- [WHAT TO WORK ON]
What I need is an exact repeat of the lines from the one with "Clockwise from top" through the end of the listing below. Leave out every picture.

- [MATERIAL PROVIDED]

========================================

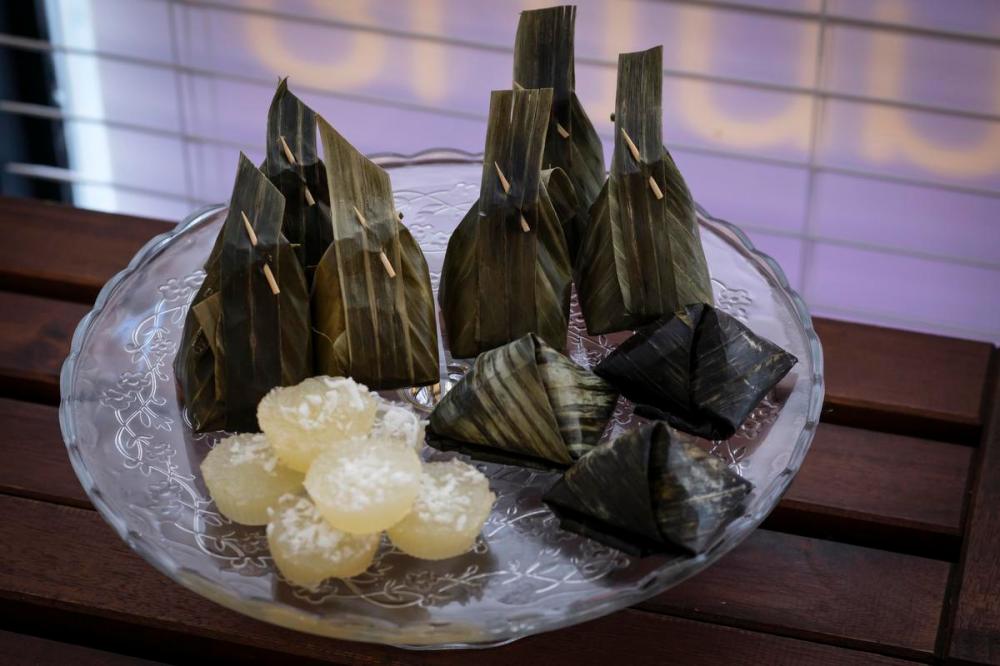 Giovanni Capriotti - For Toronto Star
Clockwise from top left, kanom sai-sai, kanom tom gluay, kanom tian and kanoum mum. Beneath the banana leaves are steamed desserts with fllings such as banana and coconut.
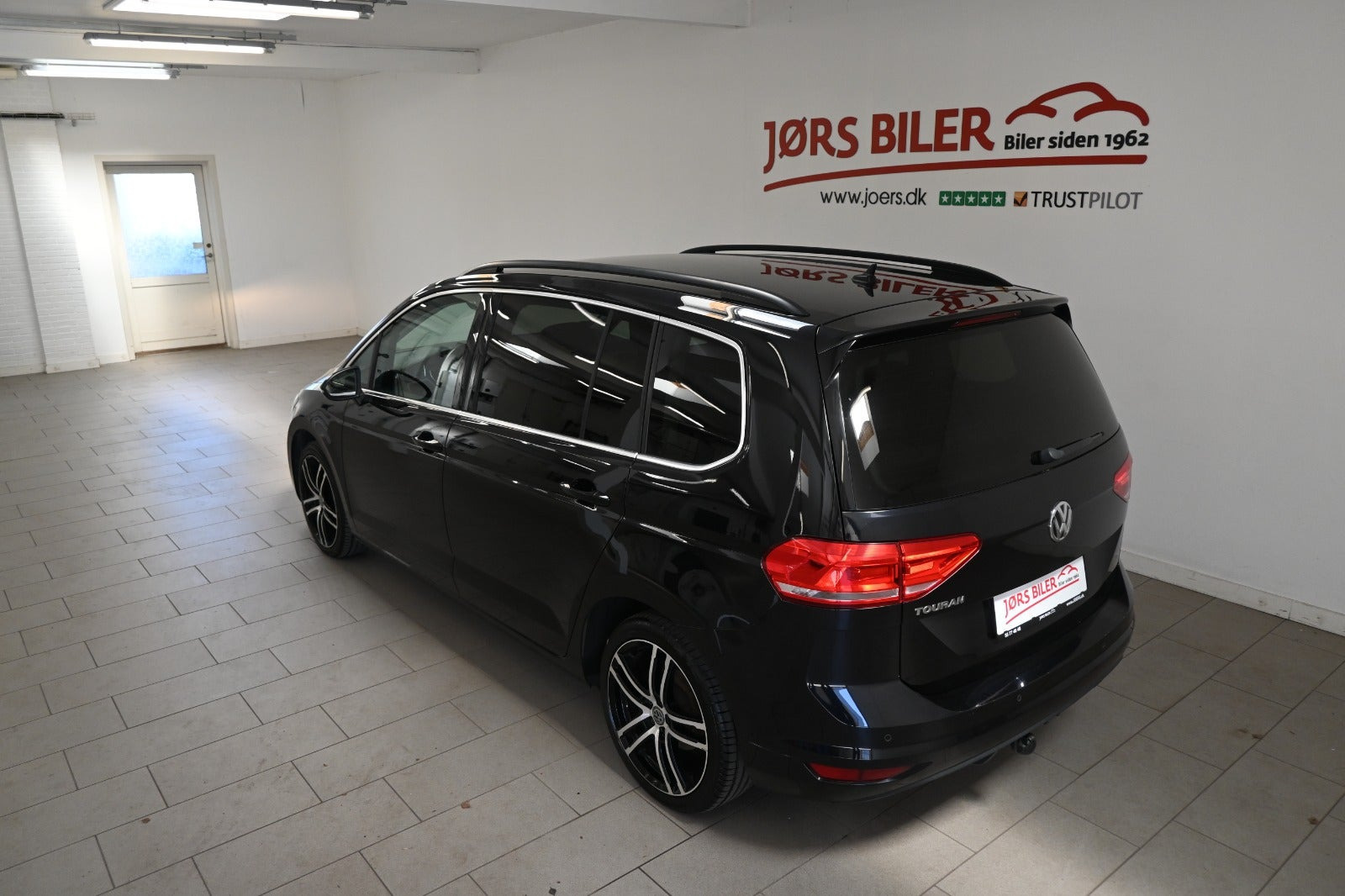 Sort VW Touran fra 2019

========================================

- [TASK ANSWER]
Clockwise from top left, kanom sai-sai, kanom tom gluay, kanom tian and kanoum mum. Beneath the banana leaves are steamed desserts with fllings such as banana and coconut.
 Sort VW Touran fra 2019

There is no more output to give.